You've probably seen bottles of aloe vera gel, used to soothe damaged or sunburned skin.
But store-brand aloe gel sold by Walmart, Target and CVS doesn't have a trace of aloe in it, Bloomberg reports.
They all list aloe leaf juice as either the primary ingredient or the second ingredient after water. They all used a cheaper aloe-like substance called maltodextrin.
Aloe products are a $146 million industry, according to market researcher SPINS.
The specific gels found to not contain aloe:
- Walmart's Equate Aloe After Sun Gel
- CVS Aftersun Aloe Vera Moisturizing Gel
- Target's Up & Up Aloe Vera Gel
Bloomberg also tested Walgreens' Alcohol Free Aloe Vera Body Gel, but the tests were inconclusive as to whether or not it actually had aloe.
No reasonable person would have purchased or used the products if they knew the products did not contain any aloe vera.
Several law firms have filed lawsuits against the aloe vera suppliers, seeking class-action status.
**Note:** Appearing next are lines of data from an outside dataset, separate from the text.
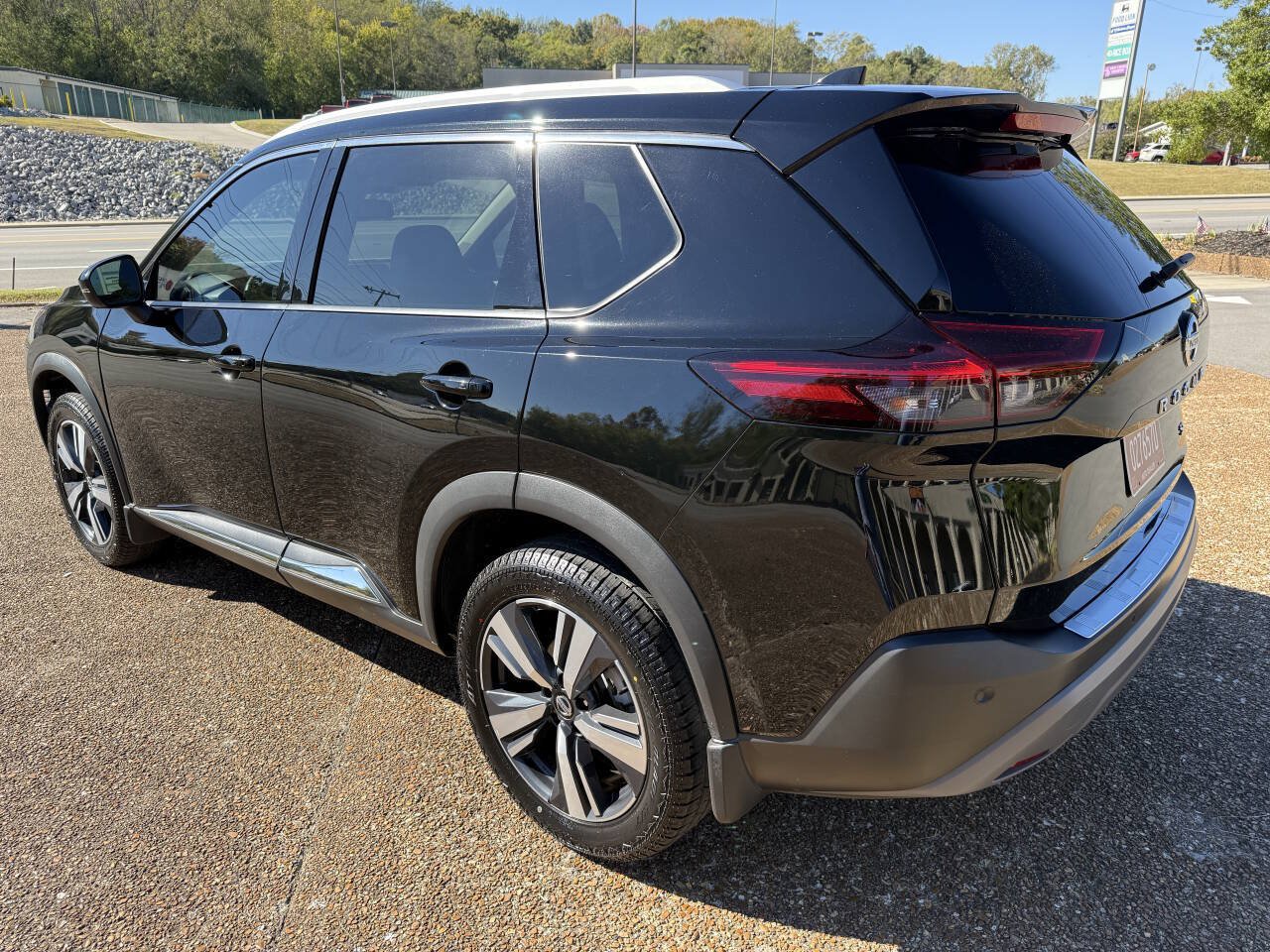 Used 2021 Nissan Rogue SL w/ Premium Package FWD image 16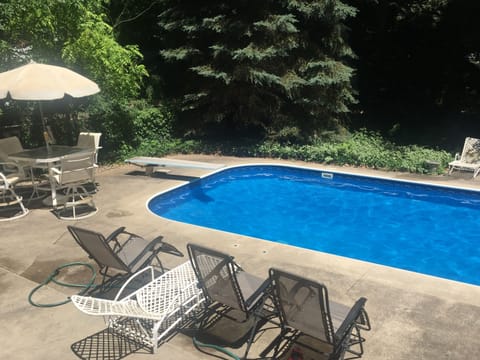 A proper cannonball will splash all chairs pictured. Just a warning.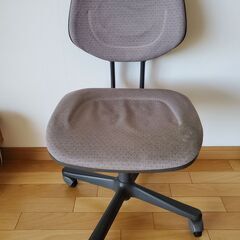 キャスター付き椅子　　オフィスチェア　オカムラ製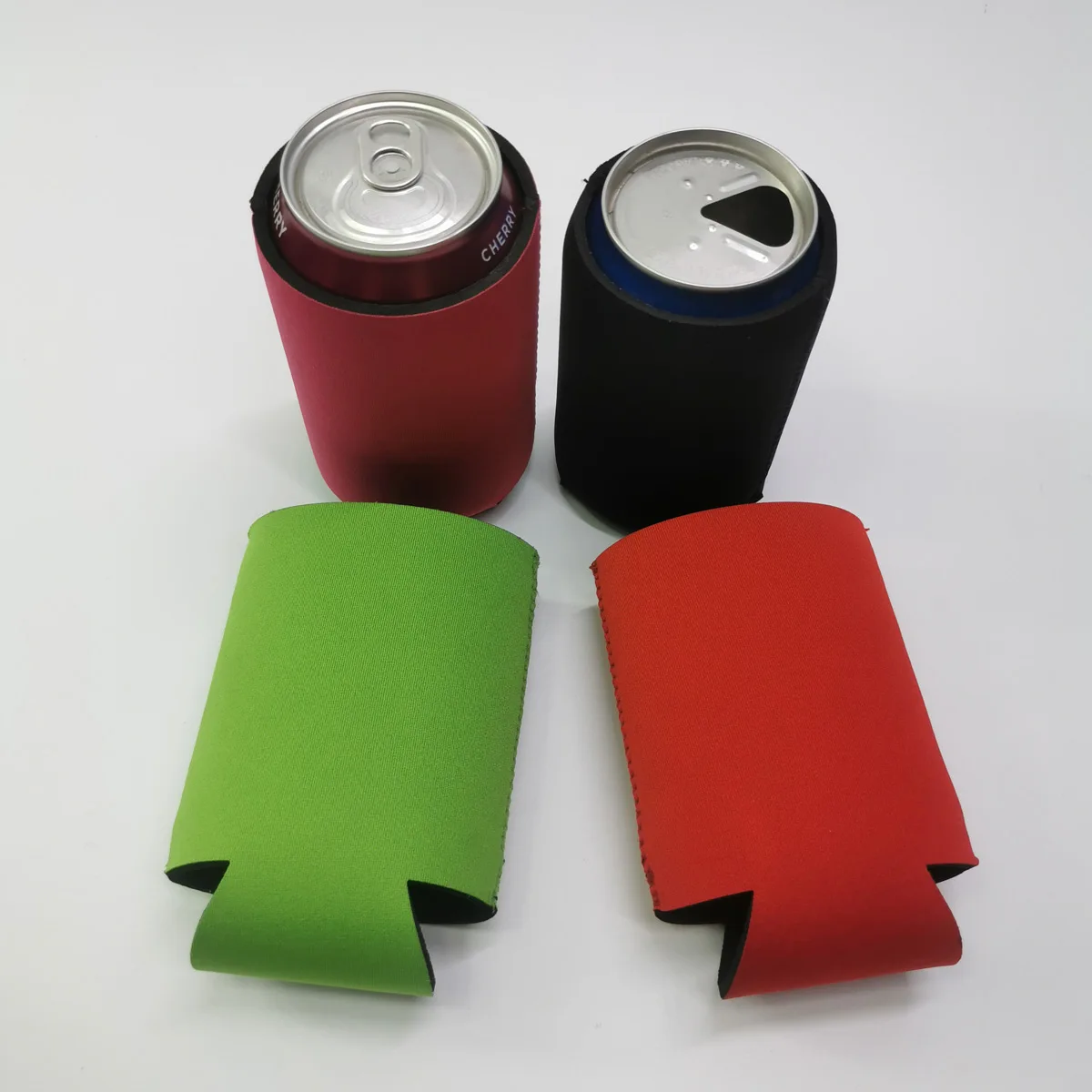 Wholesale Reusable Standard 330 Ml Blank Neoprene Beer Can Cooler Holder Approving Customized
The retailers either declined comment or denied the allegations. Fruit of the Earth, which made the gels for Walmart, Target and Walgreens, also denied the allegations.
This isn't the first time
Back in the 1980s, many allegedly aloe products contained maltodextrin, a sugar usually made from corn starch. It's also used as a food additive and a sugar substitute.